Wine With Grilled Cornish Game Hens
by Paul Lukacs and Marguerite Thomas
Inspiration sometimes strikes at unforeseen moments. The culinary muse came calling for us recently when we were at the gym, flicking through various TV programs in an effort to relieve the boredom of the elliptical machine. After skipping past the reality shows, the sports re-casts, and the millionth re-run of 'Everybody Loves Raymond,' we landed on America's Test Kitchen. If you haven't seen this Public Television show, it's worth checking out for its basic-and sometimes inspiring-recipes and culinary techniques. On this particular afternoon the host, Cook's Magazine editor Christopher Kimball, and his on-screen test cook Julia Collin Davison, were making grilled Cornish game hens with an Asian barbecue glaze. It sounded so delicious that we stopped at the grocery store on the way home, picked up a couple of hens, and prepared them that night for dinner. What we particularly liked about this recipe, in addition to its appealing glaze, was the notion of butterflying the birds, which results in the white and dark meats cooking evenly.

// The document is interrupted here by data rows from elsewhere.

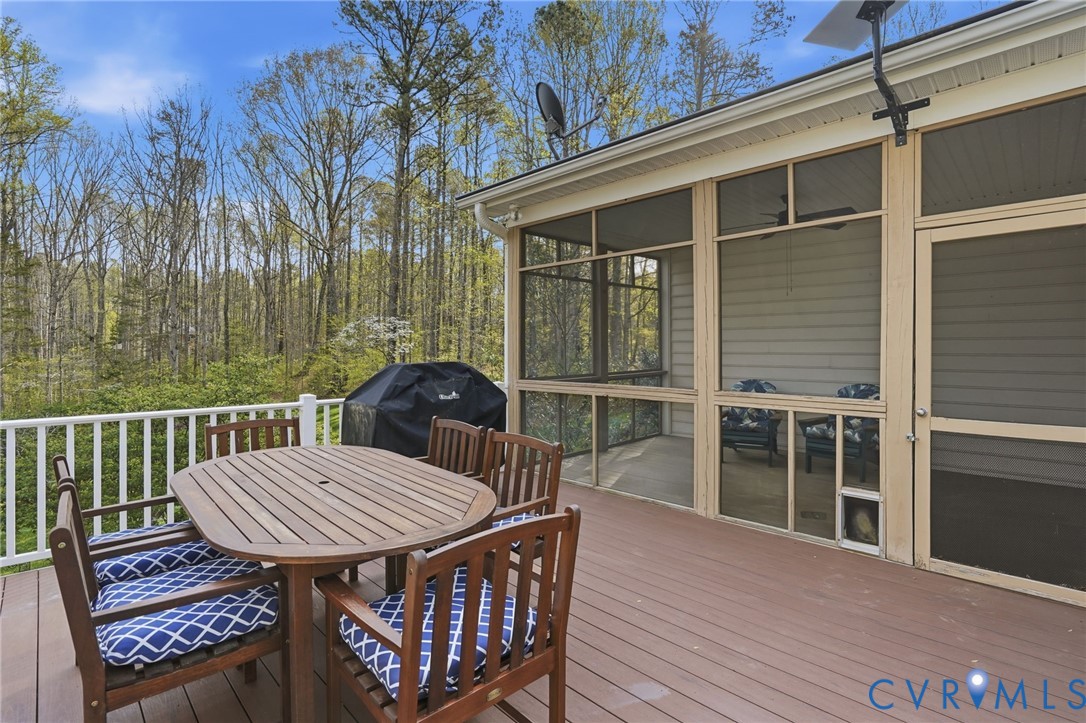 14430 Overlook Ridge Lane Beaverdam, VA 23015 - Photo 6 of 71 a view of a roof deck with table and chairs with wooden floor and fence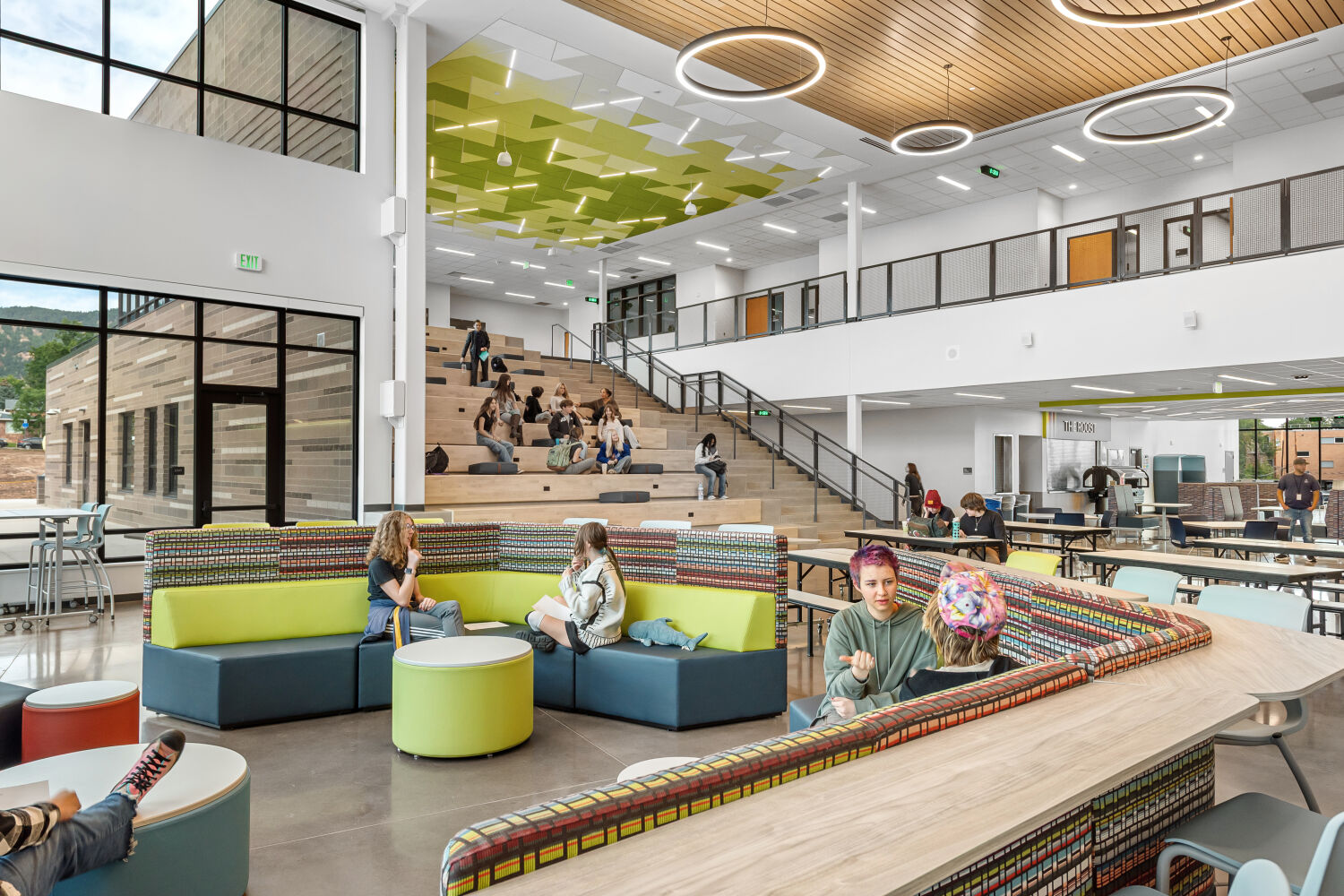 Commons with curved lounge seating in patterned upholstery, polished concrete flooring, cafeteria tables, a tiered learning stair with wood seating, large windows, and a ceiling with geometric green acoustic panels and circular pendant lights.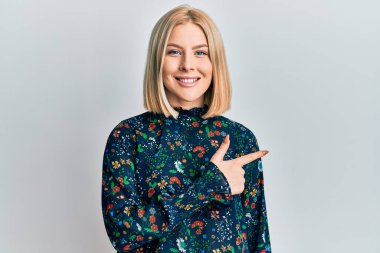 Yüzünde mutlu ve doğal bir ifade olan, elleri ve parmaklarıyla işaret eden, güler yüzlü, gündelik kıyafetler giyen genç sarışın kadın. 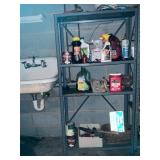 Metal Shelving With Assorted Cleaning Supplies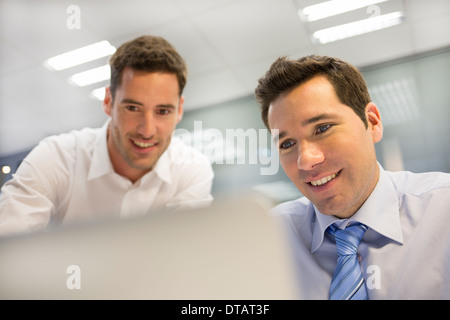 Two handsome businessmen working together on a Laptop in the office Stock Photo
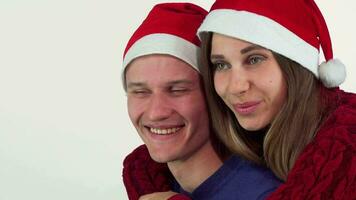 Beautiful happy Christmas couple smiling joyfully, looking away video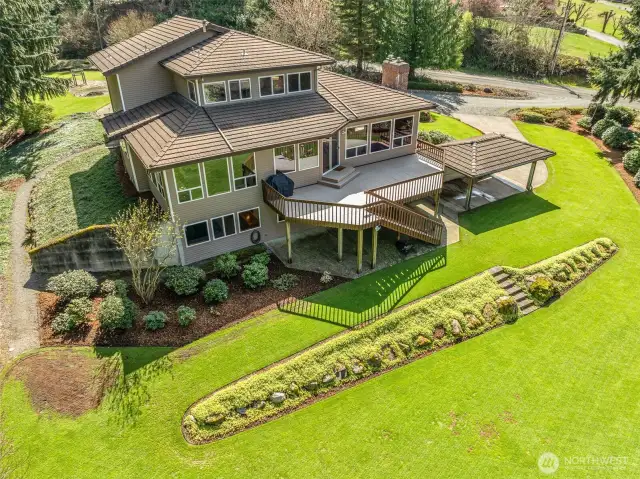 Aerial back of home. Exterior whole house security lighting.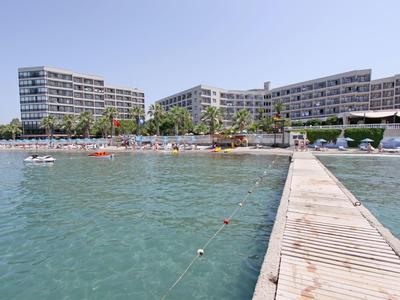 View of a modern hotel by the water with a pier and sun loungers on the beach.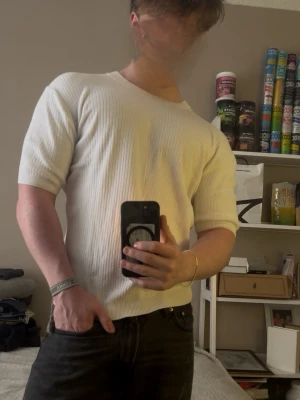 Vit ribbad t-shirt med kort ärm - Säljer en stilren vit t-shirt med ribbad struktur och korta ärmar. T-shirten har en klassisk passform och rund halsringning, perfekt för en clean och enkel look. Materialet känns mjukt och följsamt mot kroppen. Från märket H&M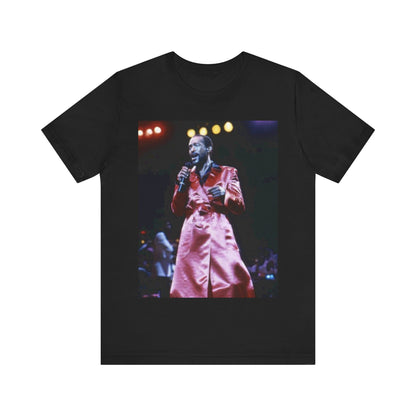 A black graphic t-shirt featuring a vintage graphic or photo of Marvin Gaye performing live.
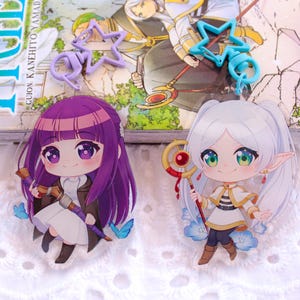 Puede incluir: Dos charms de acrílico de personajes de anime. El charm de la izquierda presenta a una chica con cabello morado y un vestido blanco. El charm de la derecha presenta a una chica con cabello blanco y un vestido blanco. Ambos charms tienen un diseño de estrella azul.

We weren't at all certain what kind of wine would be best with this dish-red, white, off-dry, dry? We opened a collection of all of the above, tasted each with the hens--and then had some disagreements about the results! One of us thought that white wines, overall, best accentuated the delicate flesh of the game hens, while the other favored reds for their affinity with the grilled char flavors and the tomato in the glaze. We both, however, ranked the Pinot Noir in our lineup at the very top, and agreed that the lighter, tarter whites simply didn't have enough substance. What all of this proves, we think, is that the dish is essentially adaptable to a generous range of wines, with only a couple of caveats: too thin and/or acidic, and the wine clashes with the sweetness of the glaze; too oaky and/or tannic, and it overwhelms the dish.
To go with the game hens, we made a luscious salad with fresh orange segments, shaved fennel, avocado, and black olives, seasoned with olive oil, a little garlic, and a squeeze of lemon. It was a special supper.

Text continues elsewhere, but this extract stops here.